Sunday, August 5

Off-Key Duet and a Quartet of Soups

Somehow the dishes are getting done. In fact I discover him in front of the sink often these days. It’s kind of hard for me to believe but I think my husband’s learning where some of the less frequently-used kitchen items are stored. No, he hasn’t learned to wipe the counters clean, but he does sweep the floor if I ask. And he shares his computer with me for my blog writing and photos with a minimum of grumbling.

Why isn’t this enough for me? Why do I also want him to be in good cheer about the whole thing and to offer a supportive attitude? It’s not enough that he supports me with his actions, I want his attitude to align with mine too. There has been some friction in the household the last few days. When things are good, I reflect back on the sour times and think I’ve been too intense and should ease up on him. When things aren’t so harmonious I realize it’s definitely him, not me. No, I’m not PMSing as he likes to suggest in these situations. In fact, I think HE is PMSing, and if I WERE PMSing, he would be taking his life into his hands by even suggesting this.

Like tonight. Soup Quartet. The soups have been cupped, garnished, photo taken (by me, I’d like to emphasize). He walks into kitchen. I say, “hey the soups are ready, let’s taste them.” What’s his response?
I’ll try them tomorrow.
You'll try them TOMORROW?!
Not: Hey, honey just LOOK at those soups. Wow. I can’t wait to taste them.
So that’s what I say to him, basically. I’m sure there’s some term for this technique in psychology, like leading the stupid, pea-brained horse to water or something.
Then he backs up. “Of course I want to taste them tonight.” The horse drinks water.

One thing I work at here at the homestead is composting. I save all our kitchen scraps for the worm bin and for the compost pile. This decreases our garbage volume, adds valuable microbes back to the soil, which saves on watering the plants, enriches the soil better than any store-bought fertilizer could ever do, saves $$ on buying water-table polluting fertilizers, doesn’t contribute to the ever-piling high sea of garbage at the dumps that we’re running out of space on…gee, what else?
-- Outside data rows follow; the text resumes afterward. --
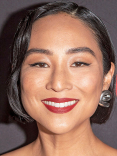 Greta Lee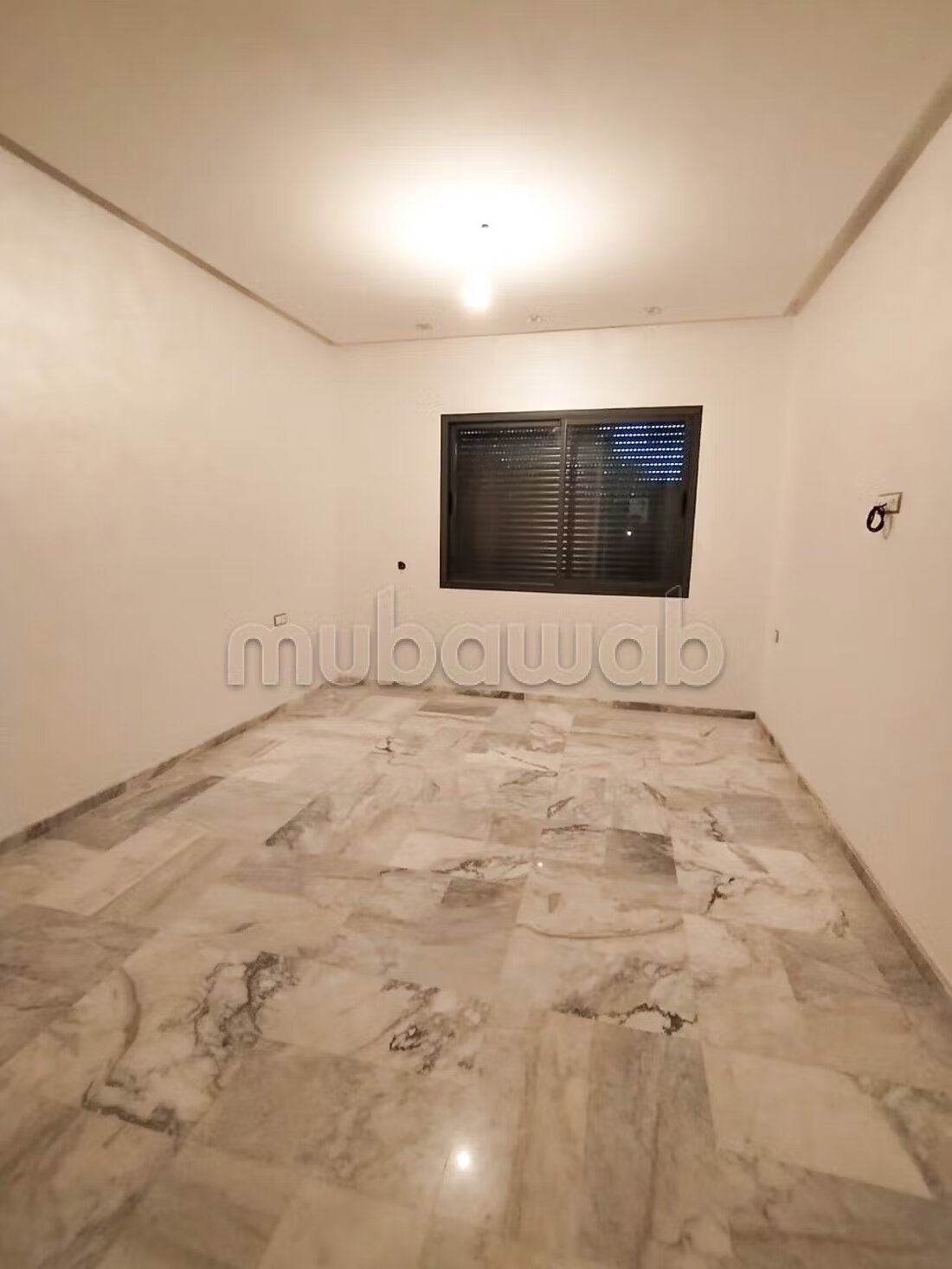 Appartement 71 m² à vendre à Rabat — Photo 105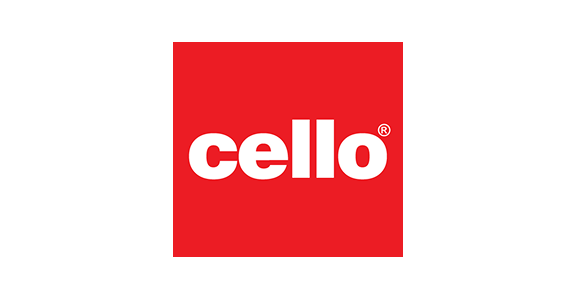 Cello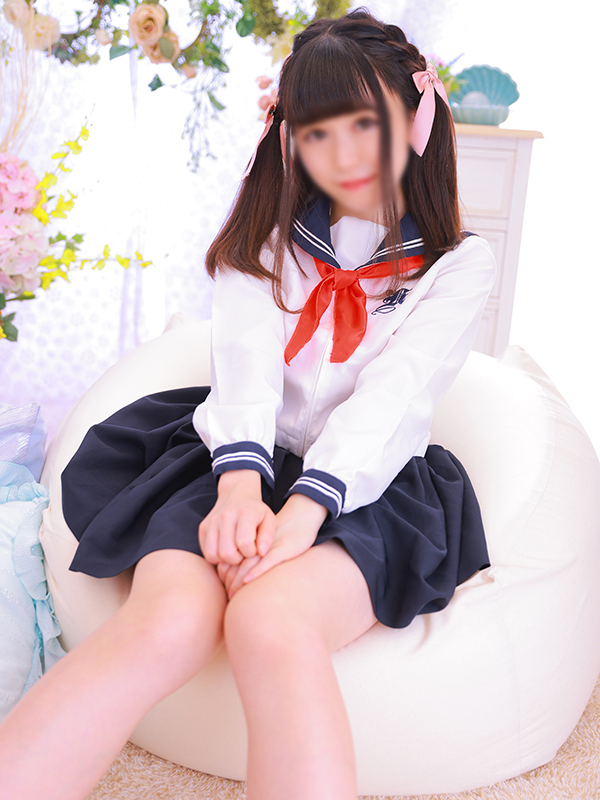 写真サムネイル1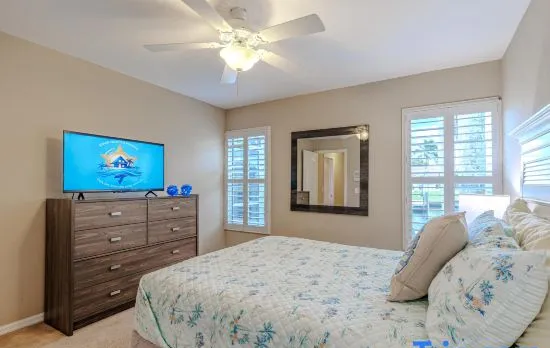 Villa Vittoria Stars Vacation Rentals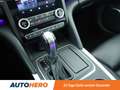 Renault Talisman 1.3 TCe Initiale Paris Aut.*NAVI*ACC*PDC* Schwarz - thumbnail 22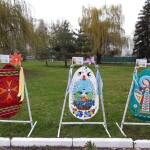 IMG-7e4e376e323a2aae7a405bae8e9aa208-V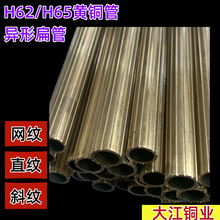 ����ֱ�y�~�� ���������W�y�S�~�� H59-1ֱ�y�S�~�� H57�S�~��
Suffice to say I’m going to the trouble to do a good thing (remembering, of course, that no good deed goes unpunished).

Do I get a pat on the back? No, he has the nerve to make snide comments about the fruit flies that gently buzz around my compost canister. It’s not like a swarm, and I clean it out every other day. What’s the big deal?

Today I harvested compost from my worm bin and walked through the house with a bag full to spread on the lawn.
Eew, what’s that? He whined. I imagine his face all screwed up, because that’s what I see when he takes that tone.
It’s worm castings, are you hungry?
I mean, Daniel is a guy-guy. Why would something like worm castings, fruit flies or decomposing vegetables gross him out?
I think he does this just to piss me off. It does.
And so the soups provided a perfect illustration of just how different we are.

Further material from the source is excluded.